Here is how I normally do it.... it is hard to explain without showing someone in person... hopefully I can explain it clearly enough.

Make sure the spring is properly placed in the plastic recoild housing. Fish the new rope through the hole in the housing and attach it to the pulley... of course have the handle on the other end. Now wrap the rope around the pulley (in the proper direction) until there is about 6 inches not wound... you can then place the rope in the little groove that is on the outside of the pulley.

Put the pulley into the housing on top of the spring and strat turning the pulley in the direction it would normally turn when you pull the rope (clockwise I believe). You will feel the pully drop into place on the spring in less then a turn. Now keep turning the pulley for another 1 1/2 turns.. this puts tension on the spring. Stop turning when the rope in the goove is by the hole in the housing.

Now just pull on the rope slightly (by the handle) to bring it into the proper postion and let the recoil retract. Reattach the two small metal tabs that hold the pully in place and you should be set to go.


----------



## El Wrencho (Jun 8, 2005)

*Weed Eater Walbro 226 carb*

Hi All, I'm new and more familiar with 4 strokes. I just bought a carb kit for a weedeater 200XT not too old 4-5 yrs. I've always had trouble starting it and I'm assuming it is a dirt or gum problem. Last yr. I soaked the whole carb in carb soak...... yes for the whole winter. I nstalled, after cleaning, a gasket set, primer bulb, and needle. The screen did not need cleaning. In the kit was a small brass cap that goes into a recess on the outside of the carb, what's under this cap and if the carb was gunked up should I remove and clean and replace the cap.

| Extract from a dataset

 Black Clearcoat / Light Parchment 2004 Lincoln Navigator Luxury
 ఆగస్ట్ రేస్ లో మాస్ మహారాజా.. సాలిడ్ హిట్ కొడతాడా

Today I installed the kit and now.....no start, plug gets wet, poor needle seating??

Can you help/


----------



## El Wrencho (Jun 8, 2005)

Bugmans' got it, put every thing back together with no tension incuding the cord wraped in the right direction, pin the end of the cord to the rest of the cord so it will stay, wind the recoil in the right direction to tension the spring.....it dosen't need to be too tight, just enough to retract the cord. When it feels like there is enough spring to retrct the cord... look in the cord hole (whre the cord comes out)for the end of the cord and using a pair of tweezers or metal pick turn the recoil a little more while pulling the cord out through the hole, don't let go..... attach the handle and voila


----------



## bugman (Aug 12, 2004)

you could have it set too rich, or the mixture screws are damaged.


----------